Cloud blackjack analytics pipeline

Year
2025
Type of Project
Big data processing and BI/ML integration.
My Role
Data Engineer & Analytics Developer

Case Study

Objective

Build a production-style, cloud-based pipeline that ingests large-scale blackjack hand data, performs cleaning and feature engineering with PySpark, runs analytical queries, and produces datasets for machine learning models and interactive dashboards. Enable downstream teams or tools to derive insights such as win/bust rates, player performance, and outcome prediction from 900,000+ blackjack hands.

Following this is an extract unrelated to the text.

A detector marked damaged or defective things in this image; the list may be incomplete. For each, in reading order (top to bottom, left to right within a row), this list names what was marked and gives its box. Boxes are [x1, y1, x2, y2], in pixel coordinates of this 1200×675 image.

https://github.com/ujjwalredd/Blackjack-Analytics-Pipeline

Process

Ingested raw blackjack hands dataset from Amazon S3 into a PySpark environment running on an EC2 instance, configured with IAM roles for secure S3 access.
Performed data cleaning, dropped unnecessary columns, and engineered features such as player and dealer total card counts, then wrote processed outputs back to structured S3 folders in CSV format.
Ran Spark SQL and PySpark aggregations to compute game statistics (win/bust rates, blackjack frequency, player performance, game patterns) and exported results for BI tools.
Trained predictive models in SageMaker Canvas on the processed data and built a Power BI dashboard using the curated CSV outputs from S3.

Outcome

Generated detailed game insights including player vs dealer win rates, bust rates, blackjack frequency, and most common final totals (e.g., final total of 20 as the most frequent outcome).
Quantified strategy effects, such as declining win rate as players draw more cards, and identified top-performing players by total winnings (e.g., Player6 with the highest earnings).
Delivered reusable, BI-friendly processed datasets and visual dashboards summarizing game statistics, patterns, and ML model outcomes.

Standout Features

End-to-end AWS integration
Scalable big-data processing
Actionable game insights & prediction